We proposed ConKgPrompt for text classification as efficient in both few-shot and full-data scenarios. Our method can be dissected into the following processes: first, amalgamating the input text with the prompt template to create a new sequence; next, incorporating an external knowledge base to construct label- and sentence-related words, ultimately confirming the definitive verbalizer; and lastly, acquiring features from the supervised contrastive module by learning from the output of the PLMs. As demonstrated in the main results, it becomes apparent that our proposed model exhibits minimal variance when applied to datasets characterized by robust labeling quality. Conversely, datasets featuring limited data or intricate semantics showcase higher variance. This disparity underscores the susceptibility of ConKgPrompt to diverse dataset attributes, implying that there is indeed scope for further enhancement. Addressing this facet will remain an integral component of our future endeavors. In this vein, we are keen on capitalizing on the prowess of unsupervised learning to capture more universally applicable features. By imbuing the training process with unsupervised objectives, we anticipate augmenting the model’s capacity to accommodate varied scenarios and contexts, thereby achieving a higher degree of generalization.

8. Conclusions

In this study, we proposed a contrastive sample method based on knowledge-guided prompt learning framework (ConKgPrompt) for text classification. ConKgPrompt utilizes external knowledge bases for multi-granularity construction of verbalizers and refines the verbalizer based on Word2vec and similarity.

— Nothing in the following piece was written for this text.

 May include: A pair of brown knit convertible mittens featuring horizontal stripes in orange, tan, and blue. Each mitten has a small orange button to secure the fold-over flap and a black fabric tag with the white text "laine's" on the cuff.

We employed ERNIE 3.0, which has rich prior knowledge, for feature extraction, and the training strategy utilizes supervised contrastive learning to exploit prior differences in samples to enhance sample representation. Experimental results and visual analyses indicate that the ConKgPrompt method achieves better classification performance than previous studies, particularly in the few-shot settings, and outperforms existing prompt-tuning methods, demonstrating the robustness and effectiveness of ConKgPrompt. Future work will focus on studying prompt continuous template generation strategies that can effectively express the grammatical relationships of text, and consider the use of unsupervised contrastive learning to enhance model representation

Author Contributions

Conceptualization, Q.W.; methodology, Q.W.; software, Q.W.; formal analysis, Q.W.; visualization, Q.W.; writing-original draft preparation, Q.W; writing-review and editing, C.Z.; resources, C.Z. and B.L.; funding acquisition, C.Z. and P.H. All authors have read and agreed to the published version of the manuscript.

Funding

This work is supported by the Key R & D projects in Hubei Province (No. 2021BAA188, 2021BAA184, 2022BAA044), the National Natural Science Foundation of China (No. 62102136), the Science and Technology Innovation Program of Hubei Province (No. 2020AEA008).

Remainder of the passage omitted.